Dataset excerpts
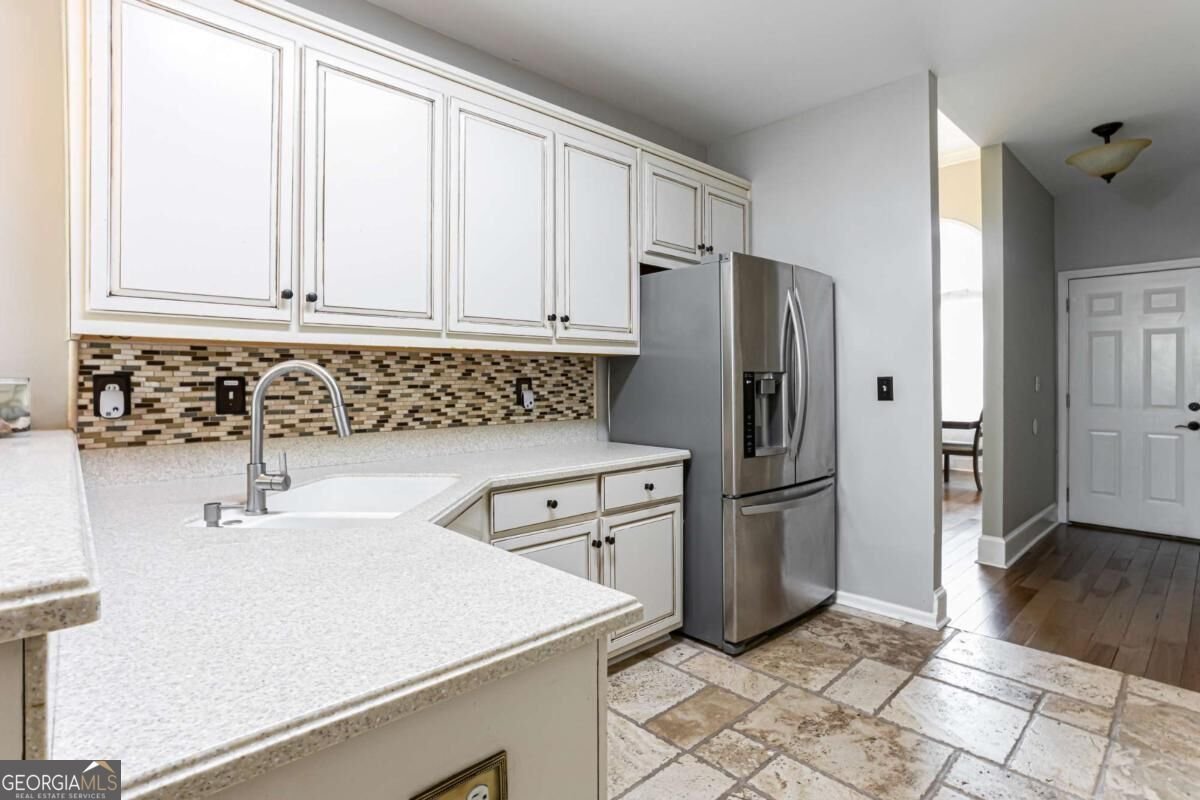 4530 Bogan Gates Drive Buford - Photo 32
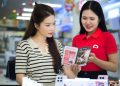 Tiềm năng tăng trưởng mới cho tài chính tiêu dùng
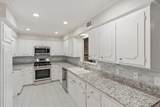 4355 Harvest Hill Road - Photo 2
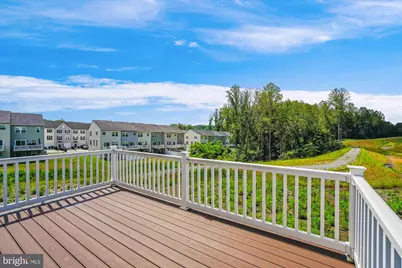 50 Rising Sun Road, Fredericksburg, VA 22405 - Photo 59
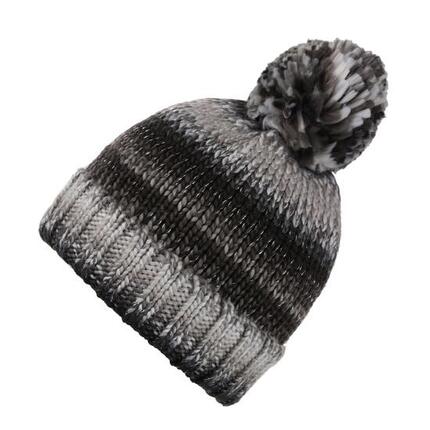 Bonnet femme Regatta Frosty VI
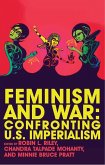 Feminism and War (eBook, ePUB)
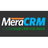 MeraCRM Reviews & Ratings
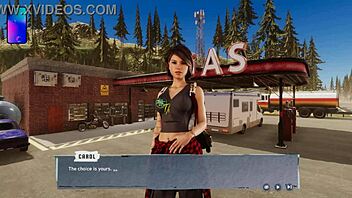 bold uncensored 69 sex game route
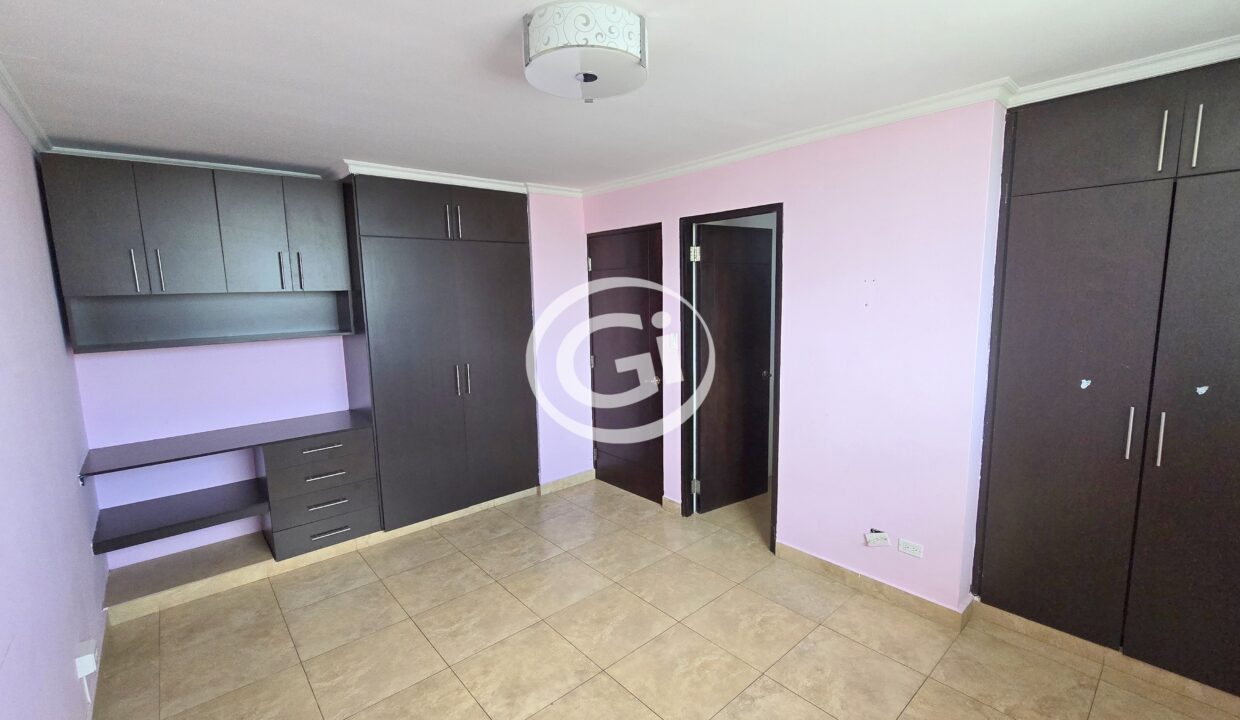 22. Habitación 2 (6)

:: Task directions ::
Exactly as written above, print every line of the data but not its pictures.

:: Solution for this task ::
 4530 Bogan Gates Drive Buford - Photo 32
 Tiềm năng tăng trưởng mới cho tài chính tiêu dùng
 4355 Harvest Hill Road - Photo 2
 50 Rising Sun Road, Fredericksburg, VA 22405 - Photo 59
 Bonnet femme Regatta Frosty VI
 Feminism and War (eBook, ePUB)
 MeraCRM Reviews & Ratings
 bold uncensored 69 sex game route
 22. Habitación 2 (6)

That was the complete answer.